Quote - facilitator We had one of the heads of year working on it. But she didn’t have the seniority to bring about the, kind of, changes that were needed. I – Was that the main reason then? Well, yeah, because there was a certain reluctance to engage in a debate about who should be rewarded and what for. Was it going to be rewards for – they had a, sort of, very much a traditional format about, you know, the high achievers were being rewarded.
Awareness of project • High – 67% recognised ‘a project to make the school better’ and 60% recognised ‘Healthy School Ethos’. • 66% aware of revisions to rules even higher, and approval of rules was higher in intervention schools.
Acceptability • Interviews suggested all components were acceptable and some very popular indeed. • Interviews suggested many staff and students who had participated in some actions or not at all had only sketchy idea of the overall project. • Suggested improvements included: better name; more student input; more time; fewer pre-set and more locally determined actions.
Conclusions - feasibility, awareness and acceptability • The intervention was feasible in 2 English schools despite their strong focus on targets, inspections and league tables. • Both schools implemented a broadly similar range of actions. • The project was known about but not always fully understood by staff and students. • Student participation was popular and may be a key mechanism of action.
Conclusions – factors influencing success Actions were more successful when they: • Fitted local priorities. • Built on some aspects of existing ethos. • Were led by senior staff.
Conclusions – factors influencing success Actions were less successful where they: • Took no account of existing practice. • Were not clearly specified. • Were led by junior staff with insufficient support. • Went too directly/quickly against the grain.

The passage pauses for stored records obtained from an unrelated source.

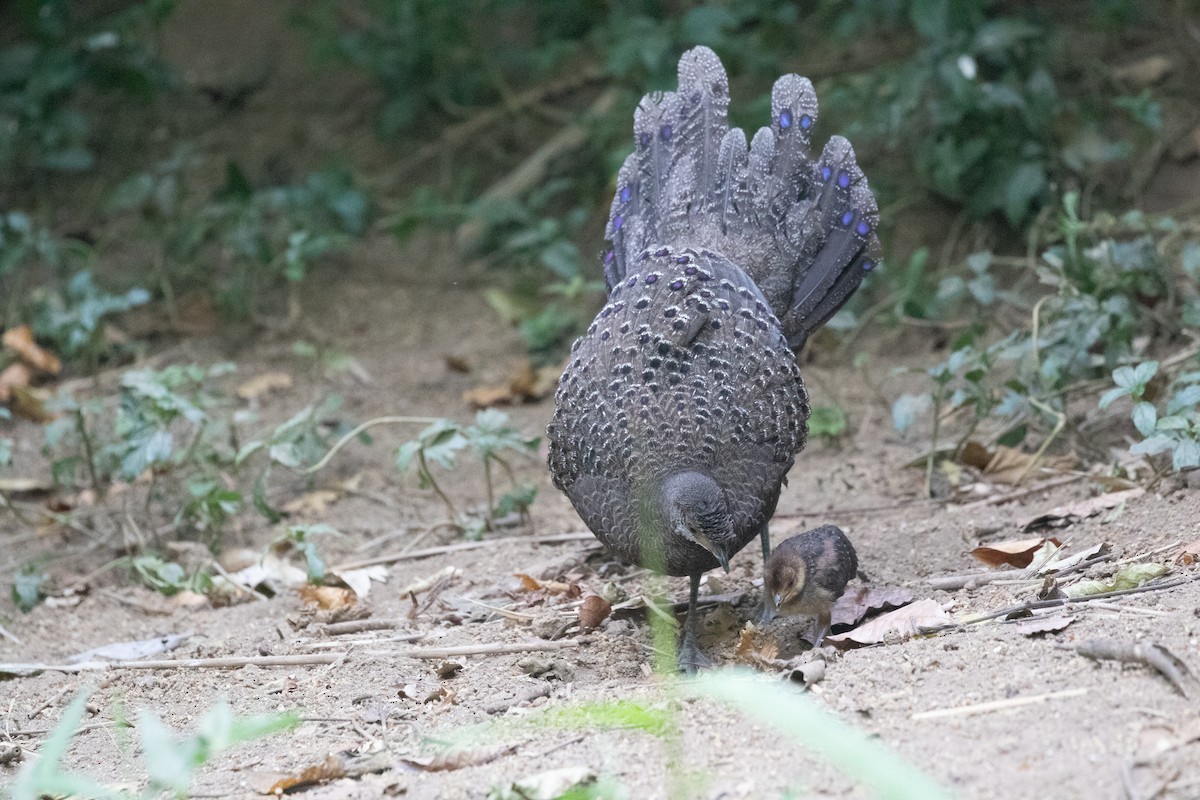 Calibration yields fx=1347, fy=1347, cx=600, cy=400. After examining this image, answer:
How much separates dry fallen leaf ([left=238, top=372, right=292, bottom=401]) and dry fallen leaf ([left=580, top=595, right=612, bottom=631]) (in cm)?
343

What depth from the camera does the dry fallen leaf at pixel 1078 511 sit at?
15.7 feet

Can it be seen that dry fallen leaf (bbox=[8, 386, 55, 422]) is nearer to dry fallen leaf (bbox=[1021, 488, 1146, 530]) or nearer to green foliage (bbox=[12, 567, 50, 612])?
green foliage (bbox=[12, 567, 50, 612])

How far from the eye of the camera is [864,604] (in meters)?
4.25

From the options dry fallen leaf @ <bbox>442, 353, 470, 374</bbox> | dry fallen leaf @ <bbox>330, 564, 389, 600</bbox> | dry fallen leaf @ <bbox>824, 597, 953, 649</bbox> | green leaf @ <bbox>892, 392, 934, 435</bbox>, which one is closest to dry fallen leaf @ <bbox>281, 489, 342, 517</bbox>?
dry fallen leaf @ <bbox>330, 564, 389, 600</bbox>

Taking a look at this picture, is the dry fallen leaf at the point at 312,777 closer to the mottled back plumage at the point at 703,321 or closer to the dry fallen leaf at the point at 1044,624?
the mottled back plumage at the point at 703,321

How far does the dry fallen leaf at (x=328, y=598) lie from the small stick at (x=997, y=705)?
2492mm

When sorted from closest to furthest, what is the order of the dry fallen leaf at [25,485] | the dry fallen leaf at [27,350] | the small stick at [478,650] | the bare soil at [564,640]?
the bare soil at [564,640], the small stick at [478,650], the dry fallen leaf at [25,485], the dry fallen leaf at [27,350]

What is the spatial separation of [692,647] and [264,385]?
3.74m

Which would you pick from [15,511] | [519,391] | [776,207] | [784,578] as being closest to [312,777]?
[784,578]

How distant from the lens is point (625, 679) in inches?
163

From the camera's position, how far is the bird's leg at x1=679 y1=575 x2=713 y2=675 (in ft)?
14.4

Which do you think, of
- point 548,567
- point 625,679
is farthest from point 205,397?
point 625,679

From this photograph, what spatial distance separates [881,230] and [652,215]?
8.46ft

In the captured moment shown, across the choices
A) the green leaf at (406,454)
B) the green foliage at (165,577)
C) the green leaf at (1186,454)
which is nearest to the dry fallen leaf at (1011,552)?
the green leaf at (1186,454) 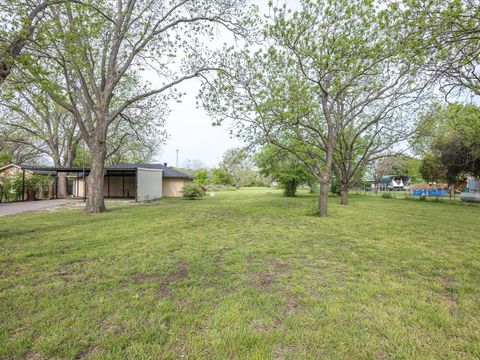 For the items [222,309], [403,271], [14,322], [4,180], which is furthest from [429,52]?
[4,180]

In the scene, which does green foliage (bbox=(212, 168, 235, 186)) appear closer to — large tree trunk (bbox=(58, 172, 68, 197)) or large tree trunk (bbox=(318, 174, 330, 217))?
large tree trunk (bbox=(58, 172, 68, 197))

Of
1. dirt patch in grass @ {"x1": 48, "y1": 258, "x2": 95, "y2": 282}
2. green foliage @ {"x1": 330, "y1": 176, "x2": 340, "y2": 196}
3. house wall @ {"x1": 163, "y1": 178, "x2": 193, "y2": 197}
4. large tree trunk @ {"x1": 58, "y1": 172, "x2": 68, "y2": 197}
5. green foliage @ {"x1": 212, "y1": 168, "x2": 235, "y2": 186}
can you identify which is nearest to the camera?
dirt patch in grass @ {"x1": 48, "y1": 258, "x2": 95, "y2": 282}

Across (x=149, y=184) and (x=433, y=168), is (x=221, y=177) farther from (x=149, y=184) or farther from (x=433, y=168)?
(x=433, y=168)

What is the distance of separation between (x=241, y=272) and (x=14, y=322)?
112 inches

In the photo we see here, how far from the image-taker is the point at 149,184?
68.3 ft

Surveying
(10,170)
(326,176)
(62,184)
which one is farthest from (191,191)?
(10,170)

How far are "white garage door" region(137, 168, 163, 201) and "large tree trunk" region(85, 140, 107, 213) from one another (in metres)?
7.06

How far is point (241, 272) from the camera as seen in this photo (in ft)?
13.2

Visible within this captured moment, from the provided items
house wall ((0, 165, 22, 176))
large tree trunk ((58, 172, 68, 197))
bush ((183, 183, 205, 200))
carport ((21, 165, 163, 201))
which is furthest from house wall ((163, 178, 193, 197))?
house wall ((0, 165, 22, 176))

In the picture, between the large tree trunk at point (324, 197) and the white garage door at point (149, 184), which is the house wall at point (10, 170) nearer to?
the white garage door at point (149, 184)

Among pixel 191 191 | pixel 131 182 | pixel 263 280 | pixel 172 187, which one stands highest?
pixel 131 182

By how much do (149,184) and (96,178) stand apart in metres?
9.46

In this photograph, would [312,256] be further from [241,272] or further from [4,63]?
[4,63]

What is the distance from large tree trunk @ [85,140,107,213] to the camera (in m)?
11.3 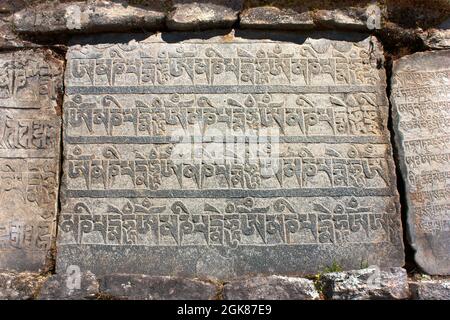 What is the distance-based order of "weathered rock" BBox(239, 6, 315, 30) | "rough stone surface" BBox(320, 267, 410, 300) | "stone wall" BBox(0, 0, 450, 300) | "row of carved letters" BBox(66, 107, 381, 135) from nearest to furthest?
"rough stone surface" BBox(320, 267, 410, 300) < "stone wall" BBox(0, 0, 450, 300) < "row of carved letters" BBox(66, 107, 381, 135) < "weathered rock" BBox(239, 6, 315, 30)

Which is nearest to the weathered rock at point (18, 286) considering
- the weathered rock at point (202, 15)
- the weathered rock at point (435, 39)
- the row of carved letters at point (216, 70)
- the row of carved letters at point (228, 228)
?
the row of carved letters at point (228, 228)

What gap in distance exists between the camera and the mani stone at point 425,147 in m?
3.76

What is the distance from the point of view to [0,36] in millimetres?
4137

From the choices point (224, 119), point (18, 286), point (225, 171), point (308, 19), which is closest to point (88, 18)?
point (224, 119)

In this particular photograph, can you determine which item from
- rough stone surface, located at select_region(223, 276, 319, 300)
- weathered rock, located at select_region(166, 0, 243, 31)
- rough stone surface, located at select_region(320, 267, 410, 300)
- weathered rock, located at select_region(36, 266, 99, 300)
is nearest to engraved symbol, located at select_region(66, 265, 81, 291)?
weathered rock, located at select_region(36, 266, 99, 300)

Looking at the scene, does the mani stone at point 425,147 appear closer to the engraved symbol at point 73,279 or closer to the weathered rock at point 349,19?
the weathered rock at point 349,19

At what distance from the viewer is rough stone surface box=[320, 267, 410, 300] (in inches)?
139

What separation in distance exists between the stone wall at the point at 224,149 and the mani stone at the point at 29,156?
11 millimetres

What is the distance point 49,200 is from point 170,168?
929 mm

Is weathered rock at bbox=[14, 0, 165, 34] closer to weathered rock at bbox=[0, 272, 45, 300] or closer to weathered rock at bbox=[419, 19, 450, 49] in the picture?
weathered rock at bbox=[0, 272, 45, 300]

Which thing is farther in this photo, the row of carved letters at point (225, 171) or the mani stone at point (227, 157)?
the row of carved letters at point (225, 171)

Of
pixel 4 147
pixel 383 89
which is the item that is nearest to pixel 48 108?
pixel 4 147

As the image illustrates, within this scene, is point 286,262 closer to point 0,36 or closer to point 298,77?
point 298,77

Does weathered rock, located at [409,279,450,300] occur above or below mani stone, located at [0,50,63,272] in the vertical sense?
below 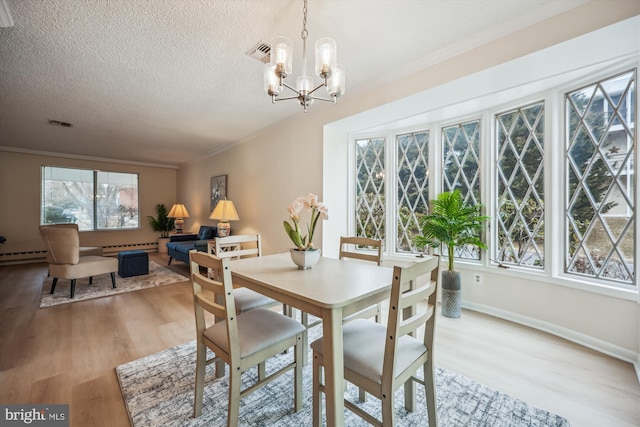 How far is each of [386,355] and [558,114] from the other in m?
2.82

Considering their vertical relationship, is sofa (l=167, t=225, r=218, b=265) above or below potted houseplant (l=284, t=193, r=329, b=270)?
below

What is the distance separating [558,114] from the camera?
2428mm

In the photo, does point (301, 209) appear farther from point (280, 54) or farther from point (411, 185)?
point (411, 185)

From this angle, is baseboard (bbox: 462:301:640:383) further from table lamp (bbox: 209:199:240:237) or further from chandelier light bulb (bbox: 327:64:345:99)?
table lamp (bbox: 209:199:240:237)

Study limitations • Only 2 schools but diverse and likely to be representative in terms of external pressures faced. • We didn’t interview everyone but we did have broader informal discussions which appear to confirm our results. • We didn’t aim to assess outcomes since our sample and time-period was limited.
Implications for research and policy • Move to a full trial of this intervention combined with social/emotional skills curriculum. • Refocus training on enabling teachers to integrate social/emotional learning into the mainstream curriculum. • If the intervention proves effective then use it as a basis for schools to promote positive ethos as part of the National Healthy Schools Programme.